様々なスクリーンリーダーが存在し、それらを異なるウェブブラウザと組み合わせて使用すると、同じウェブサイトでも読み上げられる情報やその表現方法が異なる場合がある。これは、スクリーンリーダーとブラウザが情報を解釈し、ユーザーに提示する方法に違いがあるためである。そのため、多様なユーザー環境に対応するためには、複数のスクリーンリーダーとブラウザの組み合わせでテストを行うことが望ましい。どのような環境でもウェブサイトの情報が正確に伝わるようにするためには、ウェブサイトの基本的な構造や内容が適切にマークアップされていることが非常に重要となる。具体的には、ページの主要な領域を示す「ランドマーク」が正しく設定されているか、コンテンツの階層構造を示す「見出し(h1, h2など)」が論理的に使われているか、そして画像にはその内容を説明する「代替テキスト(alt属性)」が適切に記述されているか、といった点である。これらの基本的なマークアップが正しく行われていれば、あらゆるスクリーンリーダーがウェブサイトの情報をより正確にユーザーに伝えることができる。

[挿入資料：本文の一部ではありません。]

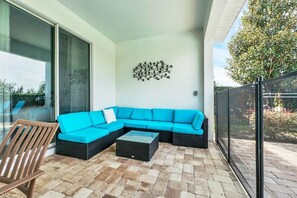 A modern outdoor seating area with a blue sectional sofa, a wooden chair, and a glass table on a paved patio. - Private south facing  Pool and Hot Tub-games room -ping pong-Close to disney (Lake Buena Vista)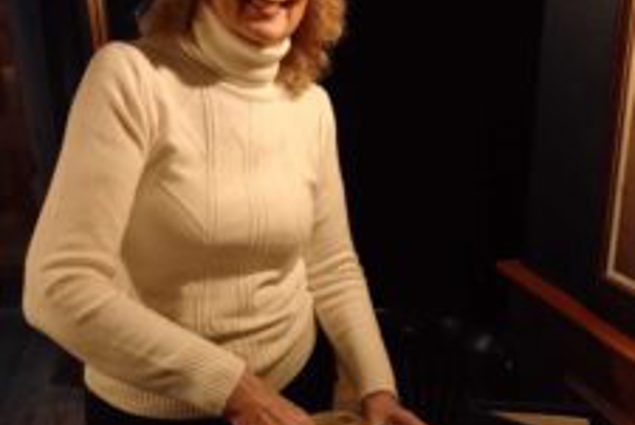 A woman in a white jumper smiling and pouring juice from a glass bottle
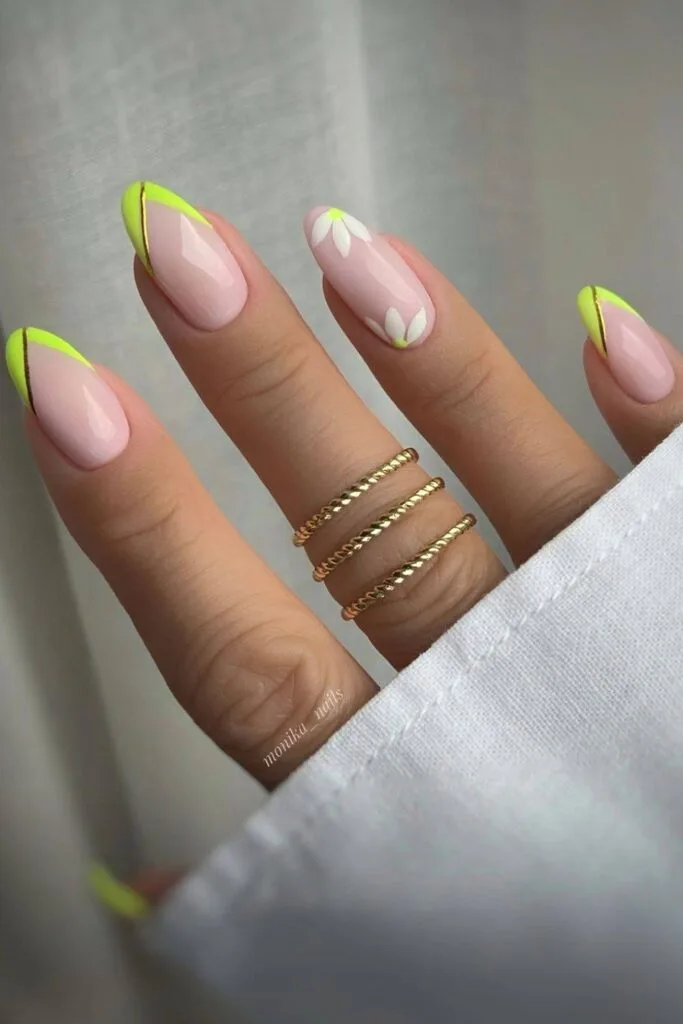 Neon lime French tip nails with flowers and gold lines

どのスクリーンリーダーとブラウザの組み合わせでテストすべきか迷った際には、WebAIM(ウェブアクセシビリティ向上を目的とした組織)が毎年実施している「スクリーンリーダーユーザー調査」の結果を参考にすると良い。この調査は、世界中のスクリーンリーダーユーザーが最も多く利用しているソフトウェアやブラウザの組み合わせを明らかにしており、一般的なユーザーがどのようにウェブを利用しているかを理解するのに役立つ。しかし、この調査結果だけを鵜呑みにすることは避けるべきである。アクセシビリティに対する意識が低いユーザーや、デジタルリテラシーが不十分で調査に参加しないユーザーも多数存在するからだ。特に、生活の必要性から初めてスクリーンリーダーを使い始めたばかりのユーザーは、最新のウェブアクセシビリティの動向や調査結果にまで目を通しているとは限らない。そのため、より広範なユーザー層に配慮するためには、Androidスマートフォンの「TalkBack」のような、OSに標準で組み込まれているアクセシビリティツールなど、多様な環境でのテストも積極的に行うことが推奨される。
これらの手動テスト手法を組み合わせることで、自動テストでは検出が難しい、人間の感覚や操作によってのみ発見できる多くのアクセシビリティ上の問題を見つけ出し、修正することが可能となる。開発するウェブサイトやアプリケーションが、より多くの人々にとって使いやすく、アクセスしやすいものとなるよう、このような包括的なアクセシビリティテストを実践していくことが、システムエンジニアにとって非常に重要である。